Input for this task –

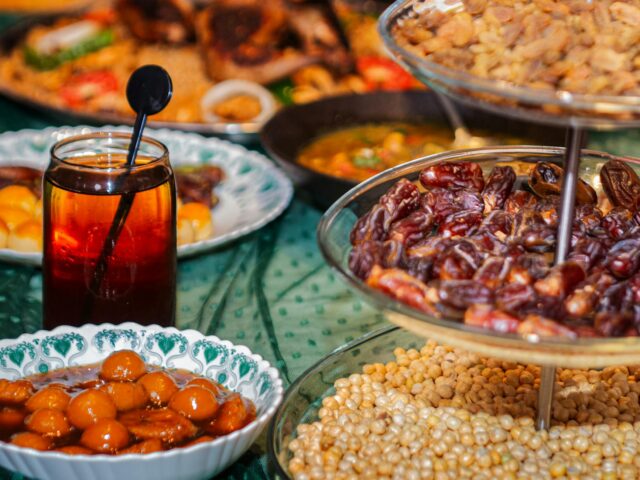 Iftar collectif pour orphelins en France – enfants rassemblés autour d'une table avec des plats traditionnels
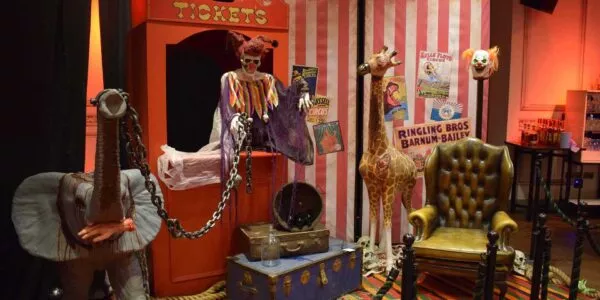 Circus-Themed-Props-Decorating-Venue-For-Halloween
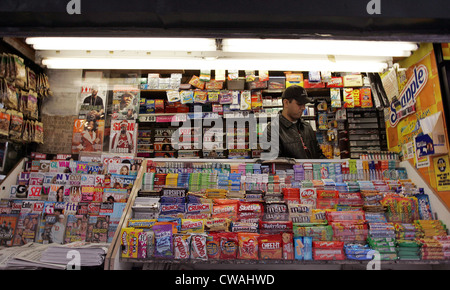 New York, regardez un kiosque Banque D'Images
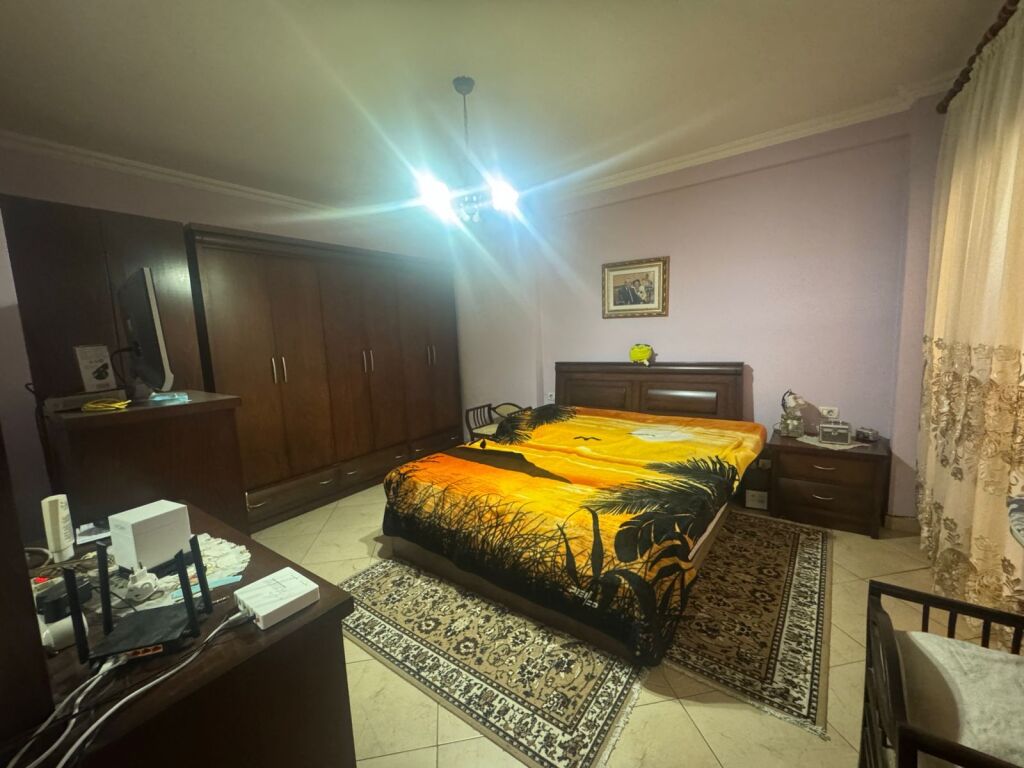 Apartament 2+1 per shitje tek Komuna e Parisit.
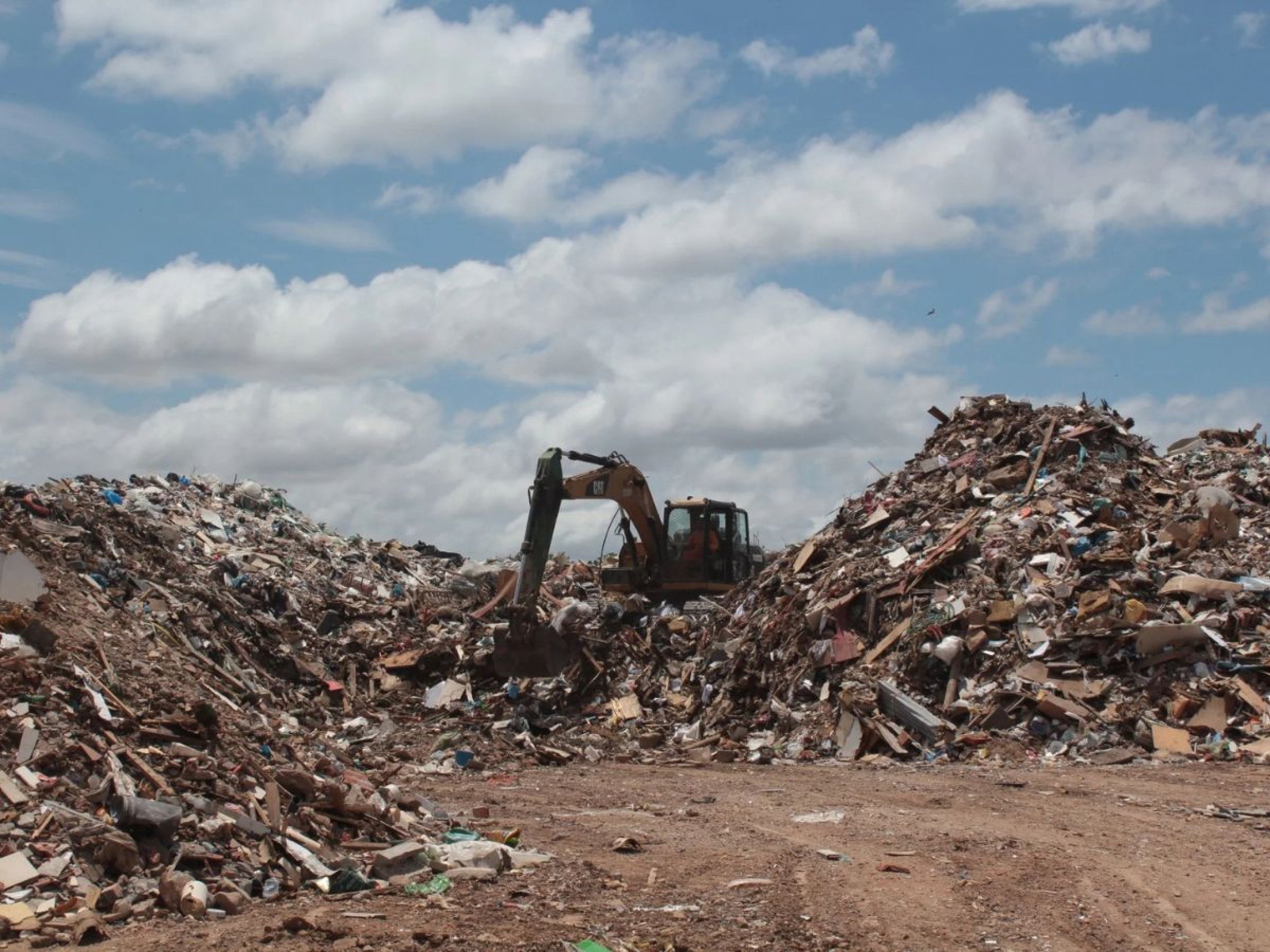 Resíduos da enchente continuam entulhados no Parque Industrial Jorge Lanner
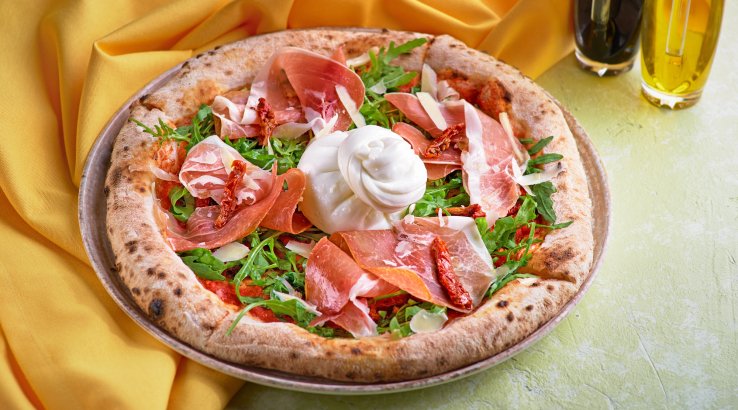 Італійська піца з сиром і прошуто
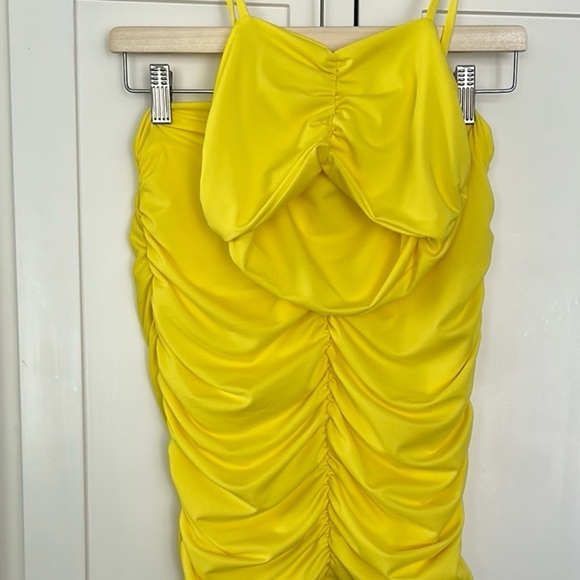 Sexy Neon Yellow 2 Pc Crop Top and Ruched Mini Skirt Set Size S - Picture 10 of 10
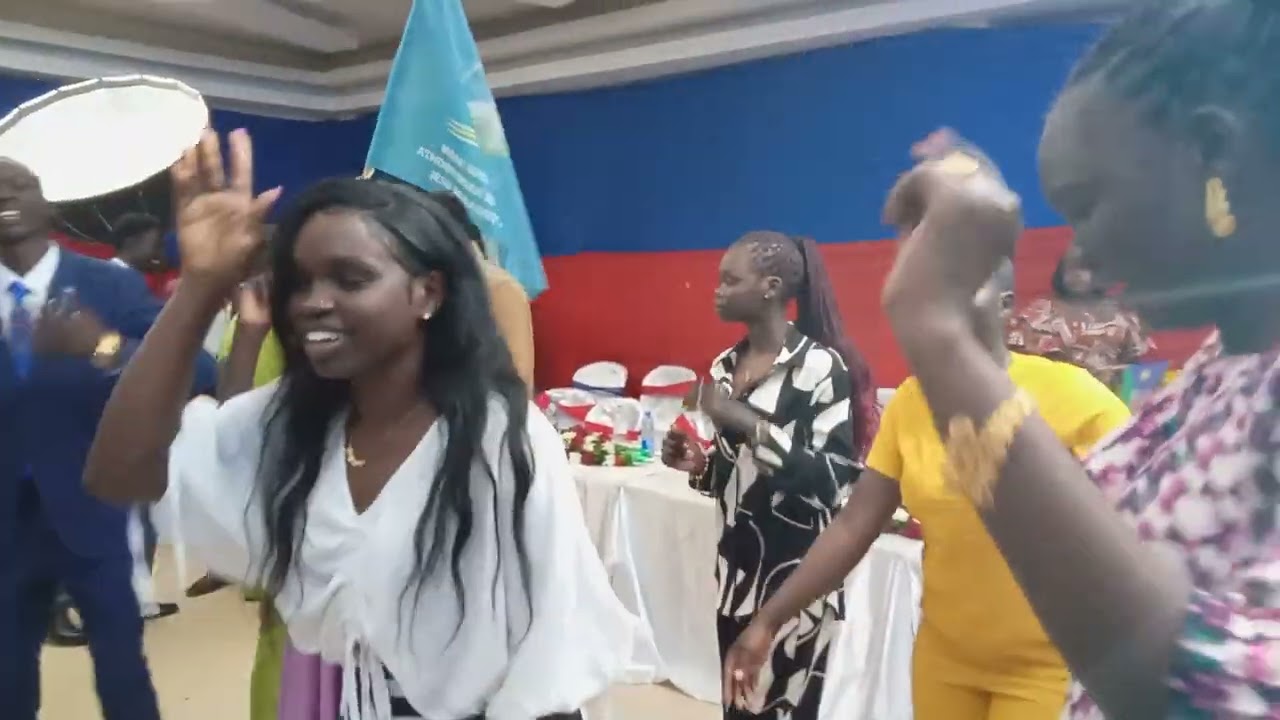 Aluel Majook ft James Mariik- Holy Spirit song in Waak Nhialic Thong Rek-NAIROBI live concert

Work to complete – Give back the full listing exactly as written, only without its pictures.

Result –
 Iftar collectif pour orphelins en France – enfants rassemblés autour d'une table avec des plats traditionnels
 Circus-Themed-Props-Decorating-Venue-For-Halloween
 New York, regardez un kiosque Banque D'Images
 Apartament 2+1 per shitje tek Komuna e Parisit.
 Resíduos da enchente continuam entulhados no Parque Industrial Jorge Lanner
 Італійська піца з сиром і прошуто
 Sexy Neon Yellow 2 Pc Crop Top and Ruched Mini Skirt Set Size S - Picture 10 of 10
 Aluel Majook ft James Mariik- Holy Spirit song in Waak Nhialic Thong Rek-NAIROBI live concert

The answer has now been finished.